[Data extract]
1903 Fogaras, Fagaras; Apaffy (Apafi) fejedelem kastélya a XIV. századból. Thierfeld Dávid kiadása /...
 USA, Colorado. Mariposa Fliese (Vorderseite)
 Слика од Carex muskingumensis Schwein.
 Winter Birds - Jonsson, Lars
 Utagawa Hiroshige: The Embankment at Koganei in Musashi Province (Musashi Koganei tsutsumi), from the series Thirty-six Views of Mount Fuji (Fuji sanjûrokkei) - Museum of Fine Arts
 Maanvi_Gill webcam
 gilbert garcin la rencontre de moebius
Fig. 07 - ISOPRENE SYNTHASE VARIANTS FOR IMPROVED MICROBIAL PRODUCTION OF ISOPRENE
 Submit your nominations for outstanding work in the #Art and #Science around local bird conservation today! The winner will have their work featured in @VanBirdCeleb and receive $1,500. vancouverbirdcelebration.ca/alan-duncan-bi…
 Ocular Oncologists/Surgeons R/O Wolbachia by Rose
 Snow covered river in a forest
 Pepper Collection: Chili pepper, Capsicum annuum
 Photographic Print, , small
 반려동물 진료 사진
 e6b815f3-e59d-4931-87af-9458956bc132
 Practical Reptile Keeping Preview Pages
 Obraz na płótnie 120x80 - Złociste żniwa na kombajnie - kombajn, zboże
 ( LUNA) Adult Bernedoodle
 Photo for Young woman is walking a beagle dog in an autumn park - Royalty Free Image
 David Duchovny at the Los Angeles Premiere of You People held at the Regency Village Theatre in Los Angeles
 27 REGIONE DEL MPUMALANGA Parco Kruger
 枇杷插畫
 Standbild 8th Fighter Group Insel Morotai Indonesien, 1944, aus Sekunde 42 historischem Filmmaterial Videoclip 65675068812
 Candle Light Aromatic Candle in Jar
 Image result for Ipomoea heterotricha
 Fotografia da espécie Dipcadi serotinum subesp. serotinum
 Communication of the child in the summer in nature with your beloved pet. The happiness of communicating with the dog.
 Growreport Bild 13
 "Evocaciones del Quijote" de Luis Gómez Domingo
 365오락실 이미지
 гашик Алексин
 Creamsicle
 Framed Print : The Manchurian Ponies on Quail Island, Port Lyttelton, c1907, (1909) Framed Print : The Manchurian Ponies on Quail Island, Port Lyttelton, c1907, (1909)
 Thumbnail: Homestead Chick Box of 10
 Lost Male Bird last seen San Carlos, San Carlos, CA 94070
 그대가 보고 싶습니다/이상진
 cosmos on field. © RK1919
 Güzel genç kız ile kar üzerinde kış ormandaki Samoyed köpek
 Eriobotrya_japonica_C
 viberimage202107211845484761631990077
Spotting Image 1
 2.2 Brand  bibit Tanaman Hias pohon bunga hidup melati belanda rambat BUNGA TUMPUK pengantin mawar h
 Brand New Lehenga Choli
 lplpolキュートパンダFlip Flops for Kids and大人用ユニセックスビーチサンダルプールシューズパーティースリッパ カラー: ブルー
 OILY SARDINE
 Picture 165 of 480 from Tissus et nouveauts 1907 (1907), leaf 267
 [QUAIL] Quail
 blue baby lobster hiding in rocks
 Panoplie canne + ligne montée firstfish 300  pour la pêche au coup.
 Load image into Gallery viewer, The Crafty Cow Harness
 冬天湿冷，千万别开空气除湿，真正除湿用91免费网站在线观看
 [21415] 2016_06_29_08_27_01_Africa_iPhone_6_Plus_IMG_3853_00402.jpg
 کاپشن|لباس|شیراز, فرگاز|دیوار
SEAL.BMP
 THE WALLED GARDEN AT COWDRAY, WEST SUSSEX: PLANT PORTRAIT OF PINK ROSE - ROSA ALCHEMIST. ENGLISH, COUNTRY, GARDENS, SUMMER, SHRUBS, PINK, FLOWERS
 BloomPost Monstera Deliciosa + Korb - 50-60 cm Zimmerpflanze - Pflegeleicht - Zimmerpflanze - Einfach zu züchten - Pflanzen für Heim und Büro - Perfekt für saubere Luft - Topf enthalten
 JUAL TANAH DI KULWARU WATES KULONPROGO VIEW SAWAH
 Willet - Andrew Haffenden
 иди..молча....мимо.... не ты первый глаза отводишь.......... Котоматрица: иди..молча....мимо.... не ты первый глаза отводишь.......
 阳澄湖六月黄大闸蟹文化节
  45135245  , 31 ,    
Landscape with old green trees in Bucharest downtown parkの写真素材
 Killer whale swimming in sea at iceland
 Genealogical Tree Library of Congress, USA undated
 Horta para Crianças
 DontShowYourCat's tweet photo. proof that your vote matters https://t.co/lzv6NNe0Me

[Assignment] Print exactly the lines above, between the one holding "Spotting Image 1" and the one holding "THE WALLED GARDEN", inclusive, and nothing besides.

[Result of this task]
Spotting Image 1
 2.2 Brand  bibit Tanaman Hias pohon bunga hidup melati belanda rambat BUNGA TUMPUK pengantin mawar h
 Brand New Lehenga Choli
 lplpolキュートパンダFlip Flops for Kids and大人用ユニセックスビーチサンダルプールシューズパーティースリッパ カラー: ブルー
 OILY SARDINE
 Picture 165 of 480 from Tissus et nouveauts 1907 (1907), leaf 267
 [QUAIL] Quail
 blue baby lobster hiding in rocks
 Panoplie canne + ligne montée firstfish 300  pour la pêche au coup.
 Load image into Gallery viewer, The Crafty Cow Harness
 冬天湿冷，千万别开空气除湿，真正除湿用91免费网站在线观看
 [21415] 2016_06_29_08_27_01_Africa_iPhone_6_Plus_IMG_3853_00402.jpg
 کاپشن|لباس|شیراز, فرگاز|دیوار
SEAL.BMP
 THE WALLED GARDEN AT COWDRAY, WEST SUSSEX: PLANT PORTRAIT OF PINK ROSE - ROSA ALCHEMIST. ENGLISH, COUNTRY, GARDENS, SUMMER, SHRUBS, PINK, FLOWERS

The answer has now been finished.